"Doris Duke's Shangri La: A House in Paradise" brings us exquisite photographs, scholarly essays, and a lingering lovely visit to the Arabian fantasy Miss Duke (as she preferred to be called) somewhat improbably created on the Island of Oahu. Coupled with the small paperback guide to Shangri La and a good biography, this large format book would be an imaginative gift for someone visiting the Hawaiian Islands or, at an amazingly low price for a fine art book, for yourself.
Shangri La began on Miss Duke's honeymoon with James Crowell (whom she later divorced, apparently to their mutual relief), and her time in India, that complex land whose treasure include the enchanting Mughal architecture of the Moti Mahal and the Taj Mahal. Originally intended as a gift for her then-mother-in-law, by the happiest of circumstances, the plan for Shangri La changed. The honeymooners stopped in Hawaii long enough for them to fall in love with a site on the other side of Diamond Head, then undeveloped.
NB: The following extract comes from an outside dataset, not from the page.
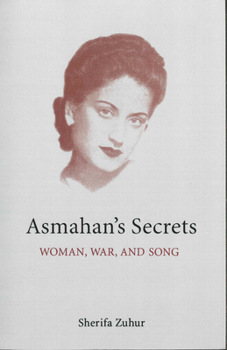 Paperback Asmahan's Secrets: Woman, War, and Song Book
For the rest of her quite long life, Miss Duke built, re-built, designed, re-designed, acquired, installed, uninstalled, and re-installed the house, its interiors, and its gardens. She cheerfully mixed countries and centuries, so a unique 13th century Mihrab (facing the way she wanted and to heck with its function as orientation to prayer) was installed in a room including 16th century Spanish armaments, 18th/19th century Middle Eastern pottery and a 21st century glass wall that sank into a basement to open the main house to the Jonny Weismuller-size swimming pool and guest house. The main house itself is small, relative to her other mansion-size homes, an intimate personal retreat for a woman who sought privacy and the informal friendships with a few people of Hawaii.
Shangri La itself, the photographs, and essays all make for a marvelous tour, a rush of textures, colors, patterns, materials, artifacts that are held in the framework of a low simple even severe white building and a garden of even simpler green foliage on either side of a narrow water channel with fountains. If you come to Oahu, sign up well in advance for the tour and enjoy.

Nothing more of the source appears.